*Work task*
The entries below hold a line with "Opel Crossland 1.2 Turbo Elegance" and a line with "Skoda Octavia II". Return those lines and all that lie between them, exactly and only.

-------- Data for review

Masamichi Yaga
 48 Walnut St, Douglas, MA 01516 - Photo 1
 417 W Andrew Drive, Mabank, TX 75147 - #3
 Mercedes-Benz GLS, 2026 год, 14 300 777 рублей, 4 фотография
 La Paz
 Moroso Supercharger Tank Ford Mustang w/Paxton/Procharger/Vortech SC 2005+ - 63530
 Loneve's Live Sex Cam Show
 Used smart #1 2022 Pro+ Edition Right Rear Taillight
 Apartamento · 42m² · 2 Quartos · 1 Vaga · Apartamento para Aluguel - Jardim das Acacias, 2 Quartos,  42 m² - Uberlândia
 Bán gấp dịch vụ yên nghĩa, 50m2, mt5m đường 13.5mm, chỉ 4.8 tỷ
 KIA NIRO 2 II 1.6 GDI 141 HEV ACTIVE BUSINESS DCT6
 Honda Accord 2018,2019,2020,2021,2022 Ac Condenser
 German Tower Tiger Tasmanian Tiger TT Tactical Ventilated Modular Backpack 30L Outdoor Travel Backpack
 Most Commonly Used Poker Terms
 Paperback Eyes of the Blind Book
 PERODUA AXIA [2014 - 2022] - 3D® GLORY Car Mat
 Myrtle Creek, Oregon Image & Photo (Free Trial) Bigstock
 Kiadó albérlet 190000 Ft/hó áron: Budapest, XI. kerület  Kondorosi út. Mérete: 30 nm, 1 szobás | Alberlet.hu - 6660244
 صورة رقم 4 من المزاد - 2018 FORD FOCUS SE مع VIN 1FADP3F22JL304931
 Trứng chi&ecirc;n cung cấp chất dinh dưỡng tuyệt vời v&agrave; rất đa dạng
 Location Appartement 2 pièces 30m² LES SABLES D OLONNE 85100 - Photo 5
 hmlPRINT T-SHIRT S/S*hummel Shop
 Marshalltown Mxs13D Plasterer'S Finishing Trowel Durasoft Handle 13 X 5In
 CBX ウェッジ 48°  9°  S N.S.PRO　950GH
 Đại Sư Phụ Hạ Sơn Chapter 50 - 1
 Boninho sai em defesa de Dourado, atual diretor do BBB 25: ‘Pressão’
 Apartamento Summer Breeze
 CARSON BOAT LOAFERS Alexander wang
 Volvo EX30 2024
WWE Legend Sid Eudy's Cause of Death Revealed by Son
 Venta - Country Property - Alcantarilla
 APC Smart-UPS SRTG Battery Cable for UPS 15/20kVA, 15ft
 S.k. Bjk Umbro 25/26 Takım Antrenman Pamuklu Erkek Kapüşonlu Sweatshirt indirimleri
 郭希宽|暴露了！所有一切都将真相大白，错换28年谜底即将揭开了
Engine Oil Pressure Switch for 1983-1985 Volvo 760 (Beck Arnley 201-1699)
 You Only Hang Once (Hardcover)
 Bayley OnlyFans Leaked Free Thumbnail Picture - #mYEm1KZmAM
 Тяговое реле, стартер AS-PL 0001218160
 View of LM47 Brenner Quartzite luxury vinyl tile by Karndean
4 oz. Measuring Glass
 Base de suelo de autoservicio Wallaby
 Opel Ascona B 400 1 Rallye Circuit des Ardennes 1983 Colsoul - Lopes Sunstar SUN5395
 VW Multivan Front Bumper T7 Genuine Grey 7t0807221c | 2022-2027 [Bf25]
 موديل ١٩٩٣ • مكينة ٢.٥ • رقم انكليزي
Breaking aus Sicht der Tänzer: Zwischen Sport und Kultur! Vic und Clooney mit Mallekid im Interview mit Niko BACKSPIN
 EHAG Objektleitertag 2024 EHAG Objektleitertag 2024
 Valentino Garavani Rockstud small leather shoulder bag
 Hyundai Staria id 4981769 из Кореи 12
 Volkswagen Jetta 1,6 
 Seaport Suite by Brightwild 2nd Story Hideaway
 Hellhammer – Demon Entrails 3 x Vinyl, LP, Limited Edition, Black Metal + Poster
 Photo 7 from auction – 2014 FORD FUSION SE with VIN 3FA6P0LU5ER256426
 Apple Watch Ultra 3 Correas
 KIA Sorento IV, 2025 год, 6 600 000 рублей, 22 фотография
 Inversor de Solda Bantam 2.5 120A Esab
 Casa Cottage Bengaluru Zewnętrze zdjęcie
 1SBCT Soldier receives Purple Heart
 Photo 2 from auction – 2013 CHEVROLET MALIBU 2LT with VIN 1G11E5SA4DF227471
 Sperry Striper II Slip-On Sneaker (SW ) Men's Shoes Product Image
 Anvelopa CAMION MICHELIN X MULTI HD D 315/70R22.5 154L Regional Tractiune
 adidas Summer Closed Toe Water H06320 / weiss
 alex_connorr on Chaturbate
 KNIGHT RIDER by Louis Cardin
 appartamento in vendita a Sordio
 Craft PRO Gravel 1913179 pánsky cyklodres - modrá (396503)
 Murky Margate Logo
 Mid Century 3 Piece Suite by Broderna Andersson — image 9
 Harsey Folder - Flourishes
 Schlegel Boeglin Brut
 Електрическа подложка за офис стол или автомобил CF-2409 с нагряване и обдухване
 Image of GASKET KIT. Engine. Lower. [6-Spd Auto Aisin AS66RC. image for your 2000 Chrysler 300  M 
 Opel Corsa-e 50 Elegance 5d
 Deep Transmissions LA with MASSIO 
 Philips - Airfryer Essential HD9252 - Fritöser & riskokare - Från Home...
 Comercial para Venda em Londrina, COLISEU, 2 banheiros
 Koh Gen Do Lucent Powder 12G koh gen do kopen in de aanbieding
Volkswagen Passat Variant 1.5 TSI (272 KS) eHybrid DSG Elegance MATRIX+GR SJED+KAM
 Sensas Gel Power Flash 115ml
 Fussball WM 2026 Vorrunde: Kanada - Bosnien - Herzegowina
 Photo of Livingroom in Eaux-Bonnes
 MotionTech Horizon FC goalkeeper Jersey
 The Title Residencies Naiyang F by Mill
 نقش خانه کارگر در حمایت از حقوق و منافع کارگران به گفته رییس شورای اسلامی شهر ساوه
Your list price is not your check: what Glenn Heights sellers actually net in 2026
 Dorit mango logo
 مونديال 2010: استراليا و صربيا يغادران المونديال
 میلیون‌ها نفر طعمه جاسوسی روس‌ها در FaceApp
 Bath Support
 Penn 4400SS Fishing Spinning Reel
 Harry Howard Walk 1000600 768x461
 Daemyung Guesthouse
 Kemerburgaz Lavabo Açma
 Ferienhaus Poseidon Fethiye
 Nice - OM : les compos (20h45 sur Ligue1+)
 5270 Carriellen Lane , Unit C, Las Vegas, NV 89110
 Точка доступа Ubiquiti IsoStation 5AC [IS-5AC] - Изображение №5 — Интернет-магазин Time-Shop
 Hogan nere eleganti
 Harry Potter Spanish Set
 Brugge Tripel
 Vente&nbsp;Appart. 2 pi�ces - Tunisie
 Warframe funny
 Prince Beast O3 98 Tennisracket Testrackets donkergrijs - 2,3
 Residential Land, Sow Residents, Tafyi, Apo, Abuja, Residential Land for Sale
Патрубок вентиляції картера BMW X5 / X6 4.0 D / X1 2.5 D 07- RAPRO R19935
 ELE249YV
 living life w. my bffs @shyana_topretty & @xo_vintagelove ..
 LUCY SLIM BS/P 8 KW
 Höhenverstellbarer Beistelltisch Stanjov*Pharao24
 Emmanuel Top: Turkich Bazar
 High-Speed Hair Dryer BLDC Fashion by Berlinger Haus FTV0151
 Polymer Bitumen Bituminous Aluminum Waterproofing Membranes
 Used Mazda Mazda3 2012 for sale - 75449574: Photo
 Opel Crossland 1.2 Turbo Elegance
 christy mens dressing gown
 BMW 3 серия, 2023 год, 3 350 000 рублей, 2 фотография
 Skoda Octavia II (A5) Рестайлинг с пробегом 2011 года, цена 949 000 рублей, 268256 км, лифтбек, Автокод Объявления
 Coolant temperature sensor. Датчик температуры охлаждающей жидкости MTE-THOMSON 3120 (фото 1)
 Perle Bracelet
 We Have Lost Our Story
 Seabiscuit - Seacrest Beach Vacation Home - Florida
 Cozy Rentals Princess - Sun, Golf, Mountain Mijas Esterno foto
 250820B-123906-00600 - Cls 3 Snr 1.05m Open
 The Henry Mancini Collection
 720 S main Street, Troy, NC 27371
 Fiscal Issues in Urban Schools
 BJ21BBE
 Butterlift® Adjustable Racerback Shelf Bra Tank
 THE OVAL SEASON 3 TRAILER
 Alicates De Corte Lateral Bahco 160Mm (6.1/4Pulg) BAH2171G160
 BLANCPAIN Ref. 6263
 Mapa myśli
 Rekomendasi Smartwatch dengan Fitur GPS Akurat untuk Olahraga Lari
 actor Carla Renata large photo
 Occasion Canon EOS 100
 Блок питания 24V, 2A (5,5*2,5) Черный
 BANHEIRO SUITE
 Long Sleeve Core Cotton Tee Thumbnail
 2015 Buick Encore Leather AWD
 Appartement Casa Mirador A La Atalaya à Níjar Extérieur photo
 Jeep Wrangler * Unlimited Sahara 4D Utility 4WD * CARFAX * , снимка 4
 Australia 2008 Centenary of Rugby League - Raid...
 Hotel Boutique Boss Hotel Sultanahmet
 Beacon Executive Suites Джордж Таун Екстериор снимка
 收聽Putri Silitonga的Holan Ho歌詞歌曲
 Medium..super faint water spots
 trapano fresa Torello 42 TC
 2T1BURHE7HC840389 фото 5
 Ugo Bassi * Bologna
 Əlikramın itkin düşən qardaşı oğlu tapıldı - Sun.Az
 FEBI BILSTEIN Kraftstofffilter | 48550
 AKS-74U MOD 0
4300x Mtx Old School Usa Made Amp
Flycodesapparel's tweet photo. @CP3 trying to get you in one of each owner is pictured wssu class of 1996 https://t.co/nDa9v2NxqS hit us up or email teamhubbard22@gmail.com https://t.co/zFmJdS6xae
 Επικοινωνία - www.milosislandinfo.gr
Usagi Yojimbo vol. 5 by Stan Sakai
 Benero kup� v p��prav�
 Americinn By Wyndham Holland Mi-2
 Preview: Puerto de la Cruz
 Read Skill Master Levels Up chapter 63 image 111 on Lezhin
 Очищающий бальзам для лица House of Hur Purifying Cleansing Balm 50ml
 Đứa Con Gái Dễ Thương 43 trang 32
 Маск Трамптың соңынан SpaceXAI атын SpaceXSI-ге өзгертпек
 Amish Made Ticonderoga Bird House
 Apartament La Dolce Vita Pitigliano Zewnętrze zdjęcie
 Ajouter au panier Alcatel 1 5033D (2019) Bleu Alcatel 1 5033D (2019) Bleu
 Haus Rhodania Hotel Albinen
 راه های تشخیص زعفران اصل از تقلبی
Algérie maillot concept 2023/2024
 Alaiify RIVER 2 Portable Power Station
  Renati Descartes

----------------

*Task answer*
 Opel Crossland 1.2 Turbo Elegance
 christy mens dressing gown
 BMW 3 серия, 2023 год, 3 350 000 рублей, 2 фотография
 Skoda Octavia II (A5) Рестайлинг с пробегом 2011 года, цена 949 000 рублей, 268256 км, лифтбек, Автокод Объявления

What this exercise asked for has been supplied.